Excerpted data:
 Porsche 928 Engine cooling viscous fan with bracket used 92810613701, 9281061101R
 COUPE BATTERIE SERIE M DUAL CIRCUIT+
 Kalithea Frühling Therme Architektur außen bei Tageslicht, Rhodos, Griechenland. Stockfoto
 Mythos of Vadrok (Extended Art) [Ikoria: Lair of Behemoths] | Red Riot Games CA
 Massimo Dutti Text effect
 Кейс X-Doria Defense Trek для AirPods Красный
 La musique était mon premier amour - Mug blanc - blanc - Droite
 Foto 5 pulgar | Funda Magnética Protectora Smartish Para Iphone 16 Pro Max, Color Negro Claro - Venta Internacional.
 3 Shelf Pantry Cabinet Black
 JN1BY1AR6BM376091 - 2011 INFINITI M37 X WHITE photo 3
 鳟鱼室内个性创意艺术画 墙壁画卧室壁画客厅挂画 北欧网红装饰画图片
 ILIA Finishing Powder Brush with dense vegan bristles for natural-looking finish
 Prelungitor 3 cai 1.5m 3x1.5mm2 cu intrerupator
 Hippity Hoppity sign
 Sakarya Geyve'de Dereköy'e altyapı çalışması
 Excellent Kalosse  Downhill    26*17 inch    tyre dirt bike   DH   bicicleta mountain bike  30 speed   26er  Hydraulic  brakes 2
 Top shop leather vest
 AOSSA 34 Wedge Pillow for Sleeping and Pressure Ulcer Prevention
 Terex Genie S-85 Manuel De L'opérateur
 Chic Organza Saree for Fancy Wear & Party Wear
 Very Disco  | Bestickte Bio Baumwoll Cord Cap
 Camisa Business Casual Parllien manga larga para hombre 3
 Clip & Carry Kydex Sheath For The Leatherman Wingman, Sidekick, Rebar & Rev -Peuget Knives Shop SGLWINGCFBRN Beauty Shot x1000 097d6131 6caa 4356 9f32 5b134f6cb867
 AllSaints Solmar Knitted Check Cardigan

Work instructions: Write out exactly the lines that begin at the one containing "Camisa Business Casual" and continue through the last line of the data, and only those.

Exercise output:
 Camisa Business Casual Parllien manga larga para hombre 3
 Clip & Carry Kydex Sheath For The Leatherman Wingman, Sidekick, Rebar & Rev -Peuget Knives Shop SGLWINGCFBRN Beauty Shot x1000 097d6131 6caa 4356 9f32 5b134f6cb867
 AllSaints Solmar Knitted Check Cardigan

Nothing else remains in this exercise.